Data excerpts:

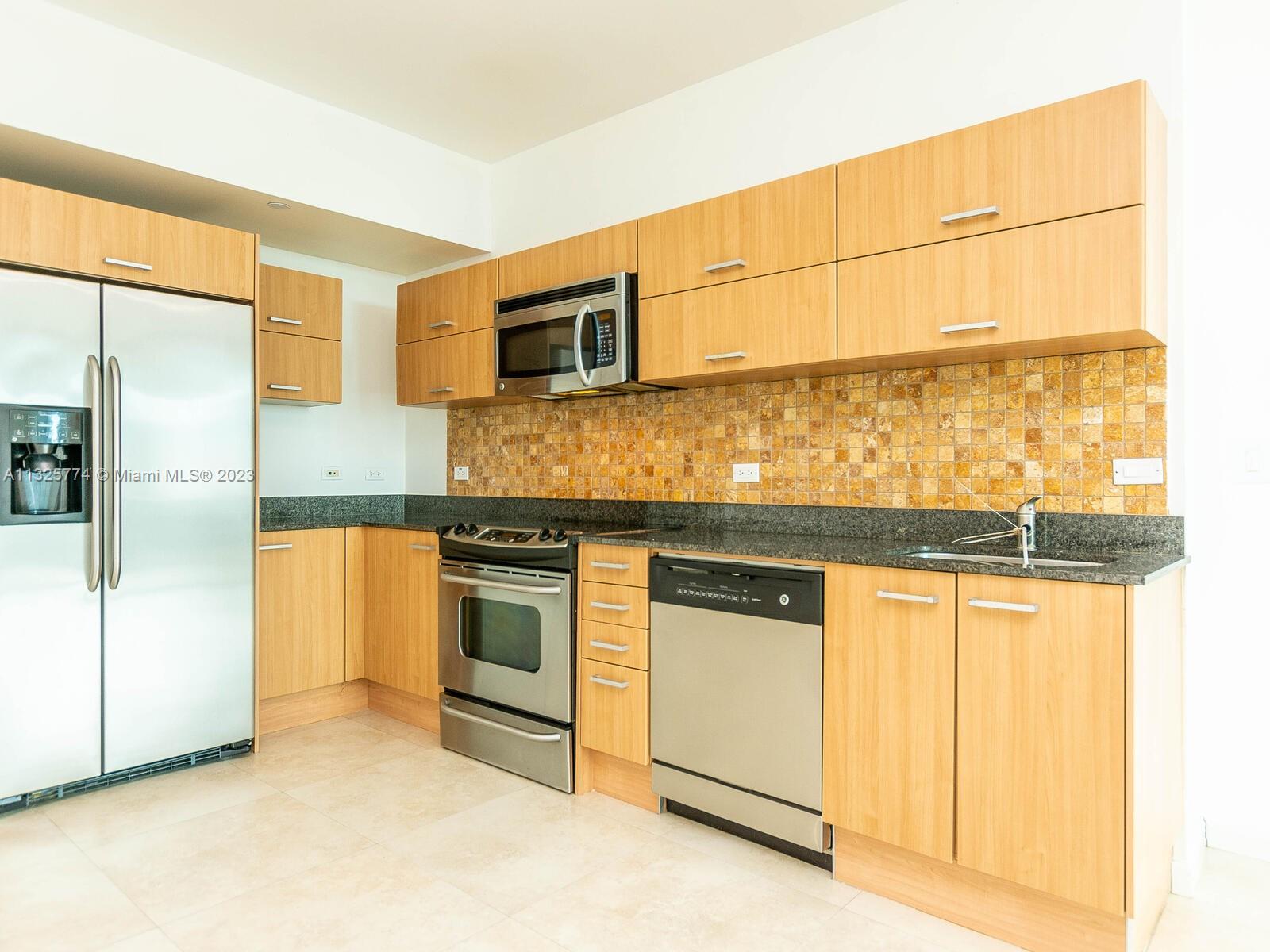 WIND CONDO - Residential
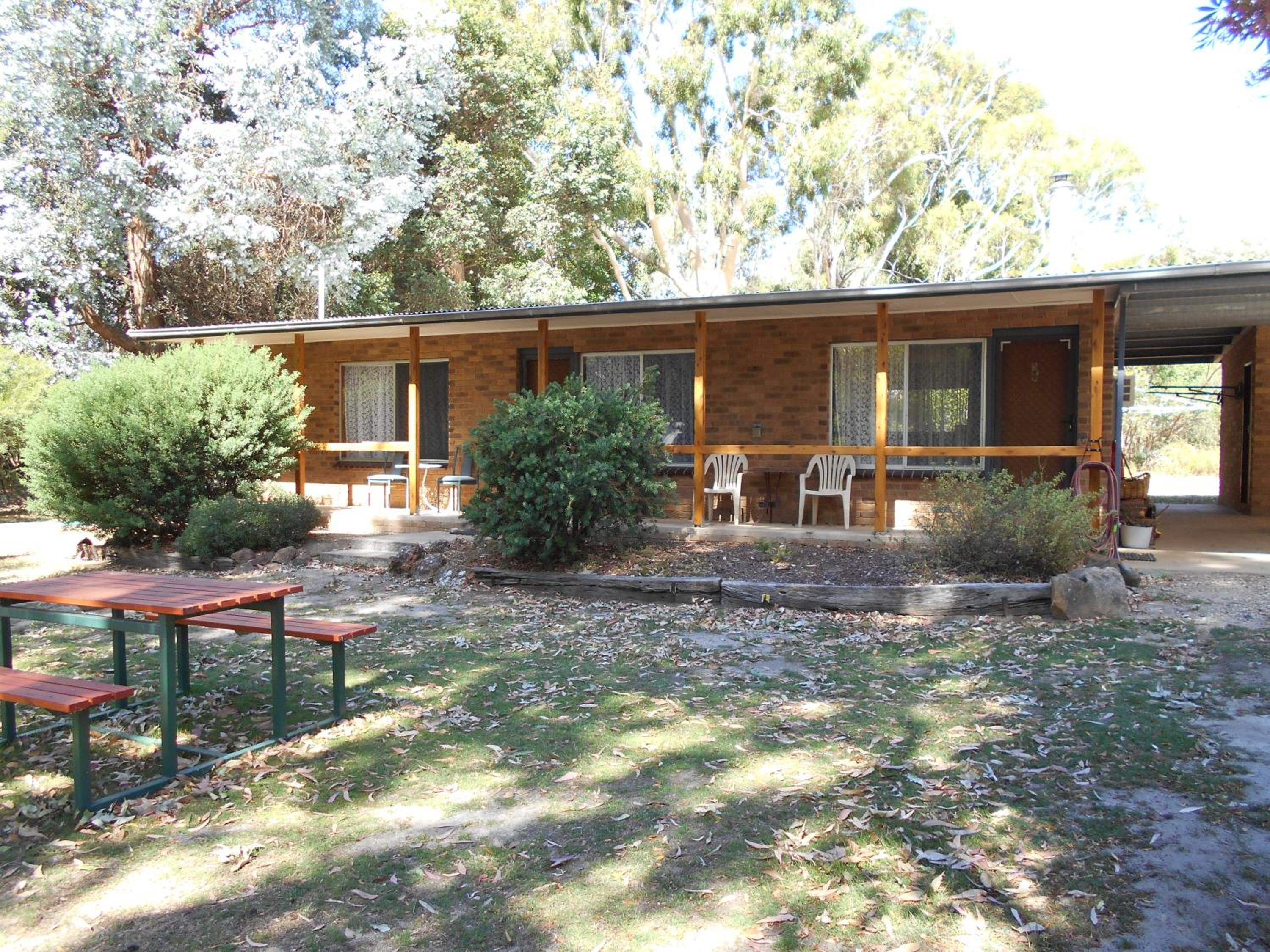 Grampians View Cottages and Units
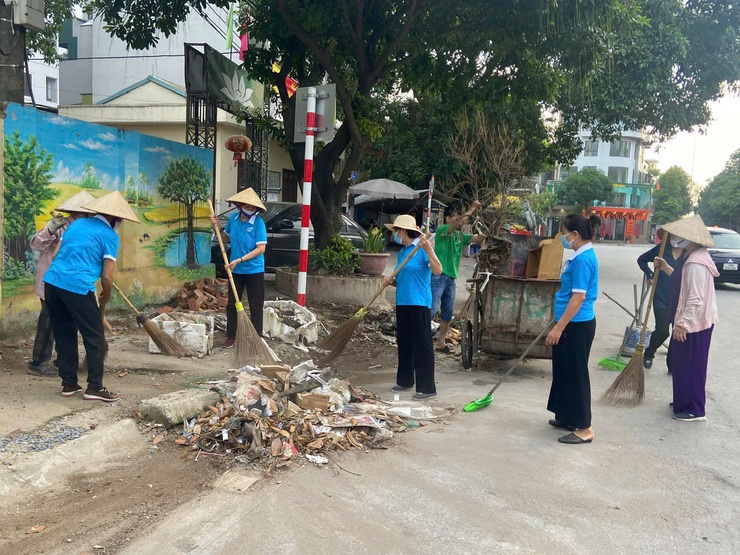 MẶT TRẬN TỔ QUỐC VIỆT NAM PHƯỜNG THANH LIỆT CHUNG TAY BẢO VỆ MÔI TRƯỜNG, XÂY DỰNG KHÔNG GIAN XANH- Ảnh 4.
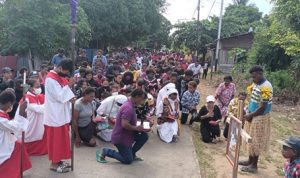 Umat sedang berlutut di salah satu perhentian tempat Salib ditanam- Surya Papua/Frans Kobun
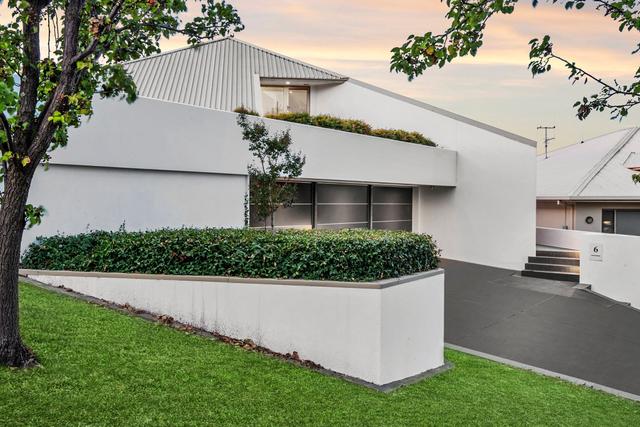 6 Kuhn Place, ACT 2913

...

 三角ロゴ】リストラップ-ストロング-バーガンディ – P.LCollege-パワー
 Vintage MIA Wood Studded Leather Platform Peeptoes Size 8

* * *

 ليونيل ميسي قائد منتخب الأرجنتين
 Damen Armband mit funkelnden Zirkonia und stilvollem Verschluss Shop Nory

Exercise aim:
Transcribe only the lines above that start at the line containing "Grampians View Cottages and Units" and end at the line containing "6 Kuhn Place, ACT 2913". Omit pictures.

Solution to this task:
 Grampians View Cottages and Units
 MẶT TRẬN TỔ QUỐC VIỆT NAM PHƯỜNG THANH LIỆT CHUNG TAY BẢO VỆ MÔI TRƯỜNG, XÂY DỰNG KHÔNG GIAN XANH- Ảnh 4.
 Umat sedang berlutut di salah satu perhentian tempat Salib ditanam- Surya Papua/Frans Kobun
 6 Kuhn Place, ACT 2913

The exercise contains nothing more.